▶ _Supplied information_:
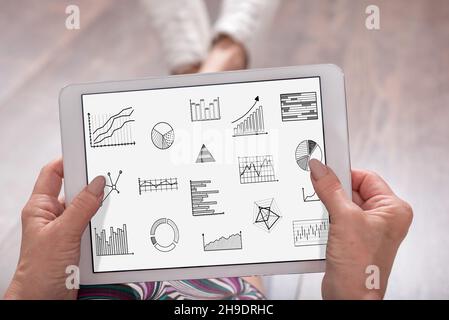 Grafisches Analysekonzept, das auf einem Tablet dargestellt wird, das von einer Frau gehalten wird Stockfoto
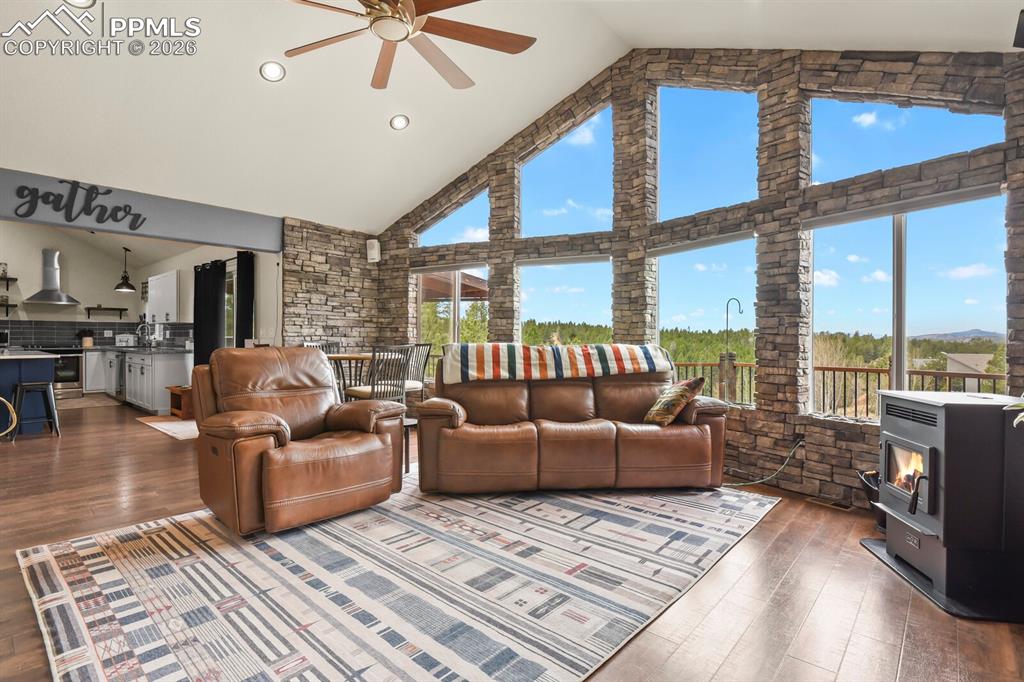 Image 14 of 41: Living room featuring a ceiling fan, Pellet-Stove, Wood flooring, and a hig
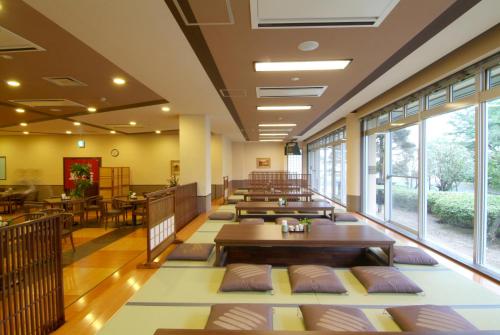 a restaurant with tables and chairs and windows at Route Inn Grantia Fukuoka Miyawaka - Wakita Onsen in Miyawaka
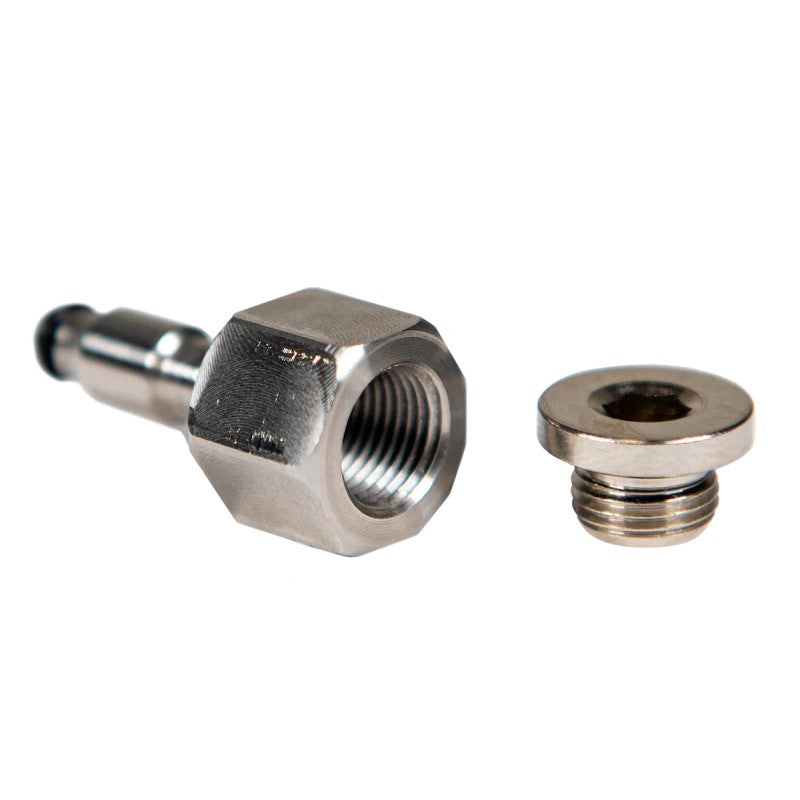 Machined metal return fuel pressure test port fitting for 2011-2016 GM LML Duramax engines.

▶ _Instructions to follow_:
Would you set down the listing exactly, omitting pictures?

▶ _Result of this task_:
 Grafisches Analysekonzept, das auf einem Tablet dargestellt wird, das von einer Frau gehalten wird Stockfoto
 Image 14 of 41: Living room featuring a ceiling fan, Pellet-Stove, Wood flooring, and a hig
 a restaurant with tables and chairs and windows at Route Inn Grantia Fukuoka Miyawaka - Wakita Onsen in Miyawaka
 Machined metal return fuel pressure test port fitting for 2011-2016 GM LML Duramax engines.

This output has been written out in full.